::: Exercise material
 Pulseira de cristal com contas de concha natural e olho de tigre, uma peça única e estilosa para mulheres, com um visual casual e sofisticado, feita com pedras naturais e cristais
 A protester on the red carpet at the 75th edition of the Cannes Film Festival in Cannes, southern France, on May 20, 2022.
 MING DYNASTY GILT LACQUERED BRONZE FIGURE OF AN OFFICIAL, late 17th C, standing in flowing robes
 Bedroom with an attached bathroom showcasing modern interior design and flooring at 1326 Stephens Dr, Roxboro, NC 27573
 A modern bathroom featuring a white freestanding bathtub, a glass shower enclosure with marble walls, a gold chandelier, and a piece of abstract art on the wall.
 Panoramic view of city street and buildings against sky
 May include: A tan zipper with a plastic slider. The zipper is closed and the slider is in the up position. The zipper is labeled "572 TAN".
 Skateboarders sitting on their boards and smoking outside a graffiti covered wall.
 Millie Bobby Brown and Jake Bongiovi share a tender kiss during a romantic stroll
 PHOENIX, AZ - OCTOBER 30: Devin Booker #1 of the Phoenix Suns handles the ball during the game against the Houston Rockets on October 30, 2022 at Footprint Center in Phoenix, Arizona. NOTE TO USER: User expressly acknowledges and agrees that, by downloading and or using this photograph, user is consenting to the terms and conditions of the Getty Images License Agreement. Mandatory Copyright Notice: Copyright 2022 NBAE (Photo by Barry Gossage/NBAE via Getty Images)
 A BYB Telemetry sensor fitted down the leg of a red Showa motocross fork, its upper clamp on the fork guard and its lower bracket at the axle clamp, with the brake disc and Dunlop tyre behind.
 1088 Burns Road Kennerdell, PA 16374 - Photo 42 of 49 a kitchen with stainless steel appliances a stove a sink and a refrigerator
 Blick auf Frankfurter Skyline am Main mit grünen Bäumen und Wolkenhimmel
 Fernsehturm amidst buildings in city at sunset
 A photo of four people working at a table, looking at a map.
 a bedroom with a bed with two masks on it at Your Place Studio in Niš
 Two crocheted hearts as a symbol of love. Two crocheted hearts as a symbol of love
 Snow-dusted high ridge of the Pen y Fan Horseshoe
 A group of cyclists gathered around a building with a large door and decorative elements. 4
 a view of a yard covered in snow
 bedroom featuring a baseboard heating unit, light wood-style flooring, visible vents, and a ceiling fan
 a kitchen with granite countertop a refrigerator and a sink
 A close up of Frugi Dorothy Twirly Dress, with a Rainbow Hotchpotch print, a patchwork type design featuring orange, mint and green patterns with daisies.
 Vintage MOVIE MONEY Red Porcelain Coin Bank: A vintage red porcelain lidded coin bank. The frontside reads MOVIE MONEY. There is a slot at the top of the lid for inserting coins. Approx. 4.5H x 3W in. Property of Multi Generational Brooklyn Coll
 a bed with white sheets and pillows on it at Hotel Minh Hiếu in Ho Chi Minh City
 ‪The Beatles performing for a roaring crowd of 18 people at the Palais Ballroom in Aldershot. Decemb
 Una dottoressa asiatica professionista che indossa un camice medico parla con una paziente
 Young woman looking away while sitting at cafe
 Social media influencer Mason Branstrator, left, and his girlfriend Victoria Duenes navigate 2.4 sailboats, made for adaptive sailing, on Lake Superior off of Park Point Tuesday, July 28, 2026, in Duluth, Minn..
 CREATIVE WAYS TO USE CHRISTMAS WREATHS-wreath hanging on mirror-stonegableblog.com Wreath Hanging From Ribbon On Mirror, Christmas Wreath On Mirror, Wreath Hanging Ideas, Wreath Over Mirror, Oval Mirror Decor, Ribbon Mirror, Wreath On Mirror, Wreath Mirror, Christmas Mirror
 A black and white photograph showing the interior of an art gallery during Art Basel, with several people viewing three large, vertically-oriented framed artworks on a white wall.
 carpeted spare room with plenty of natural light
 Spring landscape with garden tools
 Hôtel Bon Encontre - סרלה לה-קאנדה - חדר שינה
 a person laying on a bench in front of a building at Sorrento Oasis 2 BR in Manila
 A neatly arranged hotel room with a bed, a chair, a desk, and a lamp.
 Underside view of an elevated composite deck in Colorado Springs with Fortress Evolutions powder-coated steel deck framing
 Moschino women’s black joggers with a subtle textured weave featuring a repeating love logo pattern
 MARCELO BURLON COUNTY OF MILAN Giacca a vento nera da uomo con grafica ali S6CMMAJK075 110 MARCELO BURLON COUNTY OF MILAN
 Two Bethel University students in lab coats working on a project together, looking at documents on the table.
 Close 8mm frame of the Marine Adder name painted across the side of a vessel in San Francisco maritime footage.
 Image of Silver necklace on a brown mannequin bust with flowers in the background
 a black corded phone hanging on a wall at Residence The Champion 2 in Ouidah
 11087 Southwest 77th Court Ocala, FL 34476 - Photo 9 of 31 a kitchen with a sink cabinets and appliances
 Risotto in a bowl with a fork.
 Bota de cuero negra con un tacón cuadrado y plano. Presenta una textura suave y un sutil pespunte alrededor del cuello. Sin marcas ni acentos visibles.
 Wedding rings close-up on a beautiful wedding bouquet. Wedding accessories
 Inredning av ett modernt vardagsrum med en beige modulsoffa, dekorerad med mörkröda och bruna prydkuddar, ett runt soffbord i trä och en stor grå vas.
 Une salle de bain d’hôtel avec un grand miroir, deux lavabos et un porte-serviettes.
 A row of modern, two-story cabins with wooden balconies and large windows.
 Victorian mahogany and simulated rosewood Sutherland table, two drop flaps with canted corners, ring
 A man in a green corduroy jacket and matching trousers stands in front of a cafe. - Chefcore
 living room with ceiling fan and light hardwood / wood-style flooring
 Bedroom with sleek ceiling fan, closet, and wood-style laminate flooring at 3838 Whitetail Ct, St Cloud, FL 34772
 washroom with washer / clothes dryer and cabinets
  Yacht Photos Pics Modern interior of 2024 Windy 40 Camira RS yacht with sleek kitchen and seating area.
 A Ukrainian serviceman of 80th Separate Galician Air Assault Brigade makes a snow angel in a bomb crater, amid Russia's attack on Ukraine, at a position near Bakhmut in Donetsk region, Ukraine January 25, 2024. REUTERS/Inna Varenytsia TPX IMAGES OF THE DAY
::::::
An exact reproduction of all the records is needed.

_Task result:_
 Pulseira de cristal com contas de concha natural e olho de tigre, uma peça única e estilosa para mulheres, com um visual casual e sofisticado, feita com pedras naturais e cristais
 A protester on the red carpet at the 75th edition of the Cannes Film Festival in Cannes, southern France, on May 20, 2022.
 MING DYNASTY GILT LACQUERED BRONZE FIGURE OF AN OFFICIAL, late 17th C, standing in flowing robes
 Bedroom with an attached bathroom showcasing modern interior design and flooring at 1326 Stephens Dr, Roxboro, NC 27573
 A modern bathroom featuring a white freestanding bathtub, a glass shower enclosure with marble walls, a gold chandelier, and a piece of abstract art on the wall.
 Panoramic view of city street and buildings against sky
 May include: A tan zipper with a plastic slider. The zipper is closed and the slider is in the up position. The zipper is labeled "572 TAN".
 Skateboarders sitting on their boards and smoking outside a graffiti covered wall.
 Millie Bobby Brown and Jake Bongiovi share a tender kiss during a romantic stroll
 PHOENIX, AZ - OCTOBER 30: Devin Booker #1 of the Phoenix Suns handles the ball during the game against the Houston Rockets on October 30, 2022 at Footprint Center in Phoenix, Arizona. NOTE TO USER: User expressly acknowledges and agrees that, by downloading and or using this photograph, user is consenting to the terms and conditions of the Getty Images License Agreement. Mandatory Copyright Notice: Copyright 2022 NBAE (Photo by Barry Gossage/NBAE via Getty Images)
 A BYB Telemetry sensor fitted down the leg of a red Showa motocross fork, its upper clamp on the fork guard and its lower bracket at the axle clamp, with the brake disc and Dunlop tyre behind.
 1088 Burns Road Kennerdell, PA 16374 - Photo 42 of 49 a kitchen with stainless steel appliances a stove a sink and a refrigerator
 Blick auf Frankfurter Skyline am Main mit grünen Bäumen und Wolkenhimmel
 Fernsehturm amidst buildings in city at sunset
 A photo of four people working at a table, looking at a map.
 a bedroom with a bed with two masks on it at Your Place Studio in Niš
 Two crocheted hearts as a symbol of love. Two crocheted hearts as a symbol of love
 Snow-dusted high ridge of the Pen y Fan Horseshoe
 A group of cyclists gathered around a building with a large door and decorative elements. 4
 a view of a yard covered in snow
 bedroom featuring a baseboard heating unit, light wood-style flooring, visible vents, and a ceiling fan
 a kitchen with granite countertop a refrigerator and a sink
 A close up of Frugi Dorothy Twirly Dress, with a Rainbow Hotchpotch print, a patchwork type design featuring orange, mint and green patterns with daisies.
 Vintage MOVIE MONEY Red Porcelain Coin Bank: A vintage red porcelain lidded coin bank. The frontside reads MOVIE MONEY. There is a slot at the top of the lid for inserting coins. Approx. 4.5H x 3W in. Property of Multi Generational Brooklyn Coll
 a bed with white sheets and pillows on it at Hotel Minh Hiếu in Ho Chi Minh City
 ‪The Beatles performing for a roaring crowd of 18 people at the Palais Ballroom in Aldershot. Decemb
 Una dottoressa asiatica professionista che indossa un camice medico parla con una paziente
 Young woman looking away while sitting at cafe
 Social media influencer Mason Branstrator, left, and his girlfriend Victoria Duenes navigate 2.4 sailboats, made for adaptive sailing, on Lake Superior off of Park Point Tuesday, July 28, 2026, in Duluth, Minn..
 CREATIVE WAYS TO USE CHRISTMAS WREATHS-wreath hanging on mirror-stonegableblog.com Wreath Hanging From Ribbon On Mirror, Christmas Wreath On Mirror, Wreath Hanging Ideas, Wreath Over Mirror, Oval Mirror Decor, Ribbon Mirror, Wreath On Mirror, Wreath Mirror, Christmas Mirror
 A black and white photograph showing the interior of an art gallery during Art Basel, with several people viewing three large, vertically-oriented framed artworks on a white wall.
 carpeted spare room with plenty of natural light
 Spring landscape with garden tools
 Hôtel Bon Encontre - סרלה לה-קאנדה - חדר שינה
 a person laying on a bench in front of a building at Sorrento Oasis 2 BR in Manila
 A neatly arranged hotel room with a bed, a chair, a desk, and a lamp.
 Underside view of an elevated composite deck in Colorado Springs with Fortress Evolutions powder-coated steel deck framing
 Moschino women’s black joggers with a subtle textured weave featuring a repeating love logo pattern
 MARCELO BURLON COUNTY OF MILAN Giacca a vento nera da uomo con grafica ali S6CMMAJK075 110 MARCELO BURLON COUNTY OF MILAN
 Two Bethel University students in lab coats working on a project together, looking at documents on the table.
 Close 8mm frame of the Marine Adder name painted across the side of a vessel in San Francisco maritime footage.
 Image of Silver necklace on a brown mannequin bust with flowers in the background
 a black corded phone hanging on a wall at Residence The Champion 2 in Ouidah
 11087 Southwest 77th Court Ocala, FL 34476 - Photo 9 of 31 a kitchen with a sink cabinets and appliances
 Risotto in a bowl with a fork.
 Bota de cuero negra con un tacón cuadrado y plano. Presenta una textura suave y un sutil pespunte alrededor del cuello. Sin marcas ni acentos visibles.
 Wedding rings close-up on a beautiful wedding bouquet. Wedding accessories
 Inredning av ett modernt vardagsrum med en beige modulsoffa, dekorerad med mörkröda och bruna prydkuddar, ett runt soffbord i trä och en stor grå vas.
 Une salle de bain d’hôtel avec un grand miroir, deux lavabos et un porte-serviettes.
 A row of modern, two-story cabins with wooden balconies and large windows.
 Victorian mahogany and simulated rosewood Sutherland table, two drop flaps with canted corners, ring
 A man in a green corduroy jacket and matching trousers stands in front of a cafe. - Chefcore
 living room with ceiling fan and light hardwood / wood-style flooring
 Bedroom with sleek ceiling fan, closet, and wood-style laminate flooring at 3838 Whitetail Ct, St Cloud, FL 34772
 washroom with washer / clothes dryer and cabinets
  Yacht Photos Pics Modern interior of 2024 Windy 40 Camira RS yacht with sleek kitchen and seating area.
 A Ukrainian serviceman of 80th Separate Galician Air Assault Brigade makes a snow angel in a bomb crater, amid Russia's attack on Ukraine, at a position near Bakhmut in Donetsk region, Ukraine January 25, 2024. REUTERS/Inna Varenytsia TPX IMAGES OF THE DAY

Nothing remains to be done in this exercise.